运用 Java client APIs 来实现分页
接下来,我们来设计 Java 应用来对搜索结果进行分页。为了方便大家对代码的理解,我把最终的项目上传到 github:github.com/liu-xiao-gu…
首先我们创建一个叫做 Twitter 的 class:
Twitter.java
`
1. public class Twitter {
2. private String user;
3. private long uid;
4. private String province;
5. private String message;
6. private String country;
7. private String city;
8. private long age;
9. private String address;
11. public Twitter() {
12. }
14. public Twitter(String user, long uid, String province, String message,
15. String country, String city, long age, String address) {
16. this.user = user;
17. this.uid = uid;
18. this.province = province;
19. this.message = message;
20. this.country = country;
21. this.city = city;
22. this.age = age;
23. this.address = address;
24. }
26. public String getUser() {
27. return user;
28. }
30. public long getUid() {
31. return uid;
32. }
34. public String getProvince() {
35. return province;
36. }
38. public String getMessage() {
39. return message;
40. }
42. public String getCountry() {
43. return country;
44. }
46. public String getCity() {
47. return city;
48. }
50. public long getAge() {
51. return age;
52. }
54. public String getAddress() {
55. return address;
56. }
58. public void setUser(String user) {
59. this.user = user;
60. }
62. public void setUid(long uid) {
63. this.uid = uid;
64. }
66. public void setProvince(String province) {
67. this.province = province;
68. }
70. public void setMessage(String message) {
71. this.message = message;
72. }
74. public void setCountry(String country) {
75. this.country = country;
76. }
78. public void setCity(String city) {
79. this.city = city;
80. }
82. public void setAge(long age) {
83. this.age = age;
84. }
86. public void setAddress(String address) {
87. this.address = address;
88. }
89. }
`
这个和上面的 twitter 文档相对应。
我们接下来连接到 Elasticsearch 集群。我们可以参考之前的文章 “Elasticsearch:在 Java 客户端中使用 truststore 来创建 HTTPS 连接”。一旦连接到 Elasticsearch 后,我们可以设计如下的代码来对搜索的结果进行分页:
ElasticsearchJava.java
`1. final String INDEX_NAME = "twitter";
2. SearchRequest searchRequest = new SearchRequest.

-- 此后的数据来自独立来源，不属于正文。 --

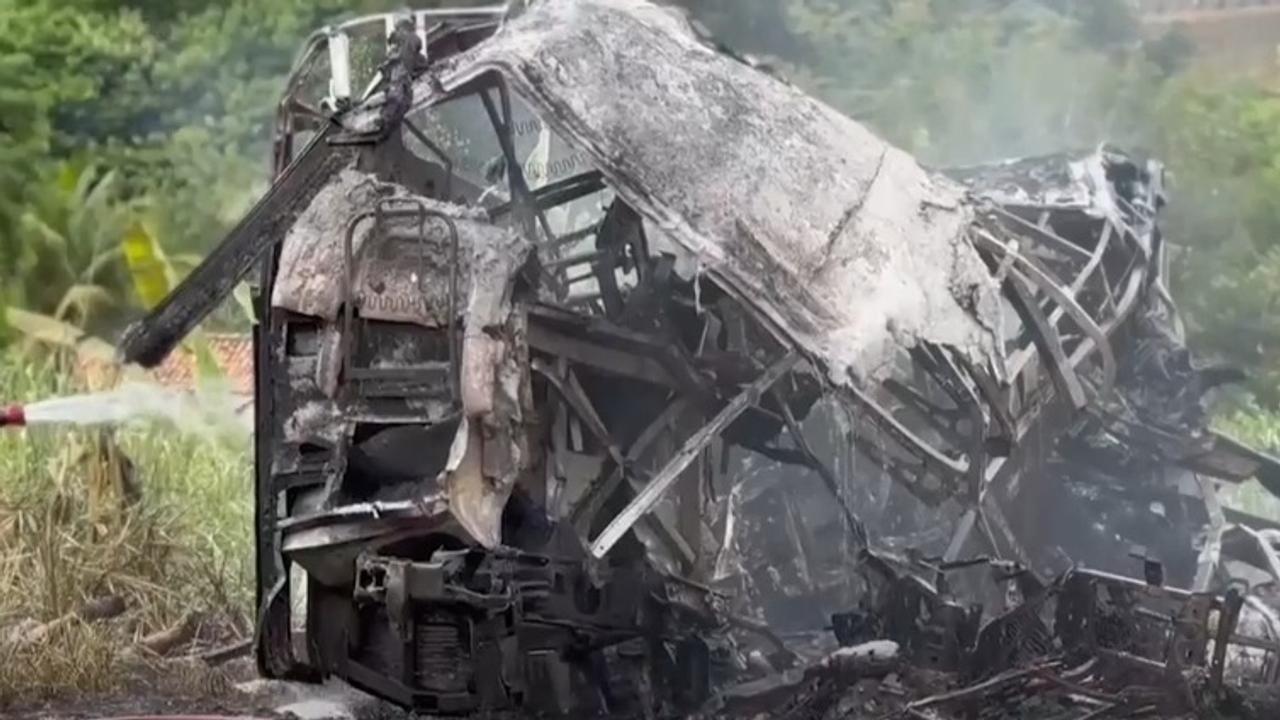  38 People Die in a Crash Between a Passenger Bus and a Truck in Brazil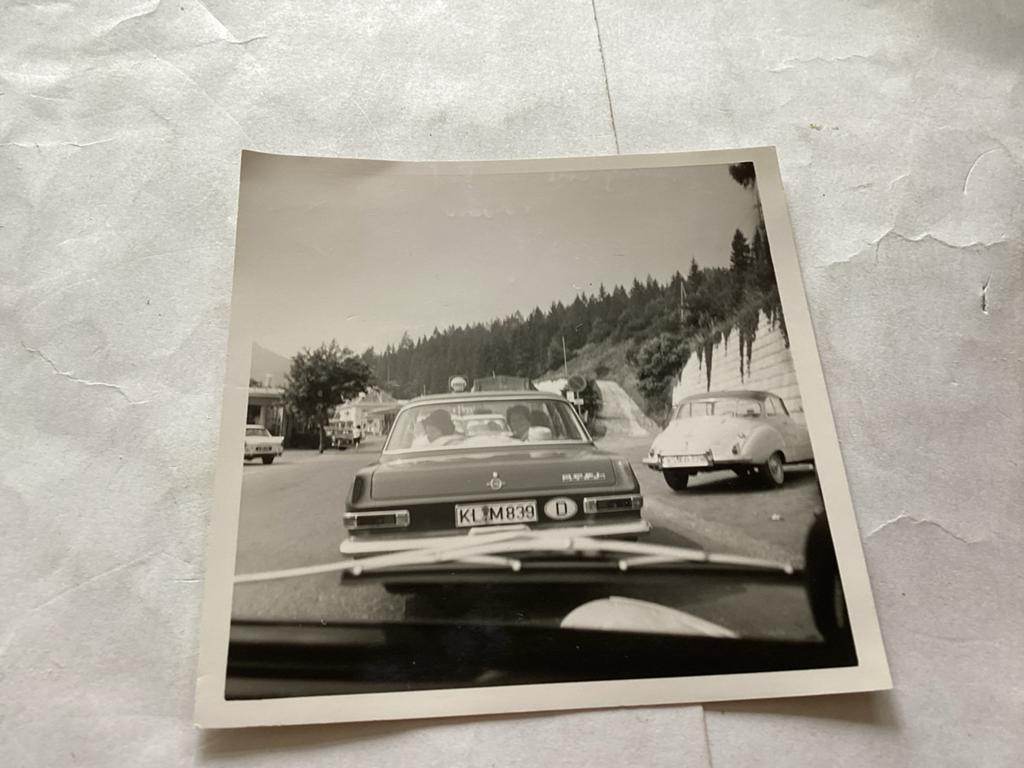 Oude foto van auto's op de weg, jaren '60 9x9 cm, Verzamelen, Foto's en Prenten, 1960 tot 1980, Gebruikt, Foto, Buitenland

3. Builder().index(INDEX_NAME)
4. .query( q -> q.bool(b -> b
5. .must(must->must.match(m ->m.field("city").query("北京")))
6. .filter(f -> f.range(r -> r.field("age").gte(JsonData.of(0)).lte(JsonData.of(100))))
7. )
8. )
9. .size(2)
10. .scroll(Time.of(t -> t.time("2m")))
11. .build();
13. SearchResponse<Twitter> response = client.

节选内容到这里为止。